:: Dataset excerpts

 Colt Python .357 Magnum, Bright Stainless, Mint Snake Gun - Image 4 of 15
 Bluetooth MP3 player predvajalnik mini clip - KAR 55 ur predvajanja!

::::
:: Dataset excerpts

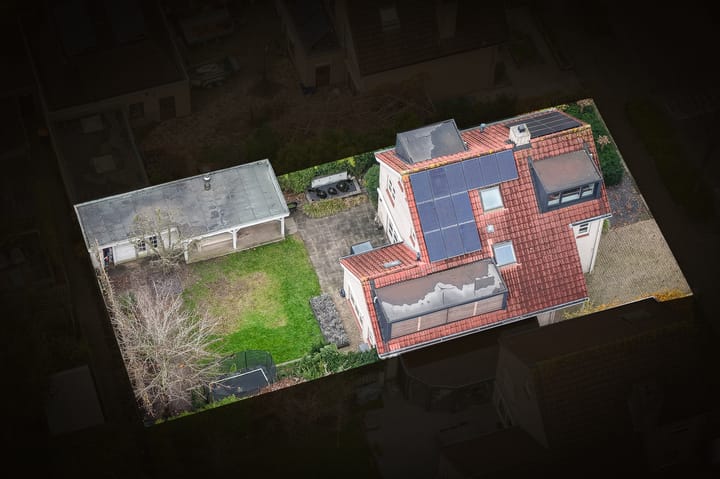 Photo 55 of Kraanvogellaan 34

::::

Exercise> Only the lines above from the one with "Colt Python .357" through the one with "Bluetooth MP3 player" should be duplicated, character for character.

Solution to the exercise>
 Colt Python .357 Magnum, Bright Stainless, Mint Snake Gun - Image 4 of 15
 Bluetooth MP3 player predvajalnik mini clip - KAR 55 ur predvajanja!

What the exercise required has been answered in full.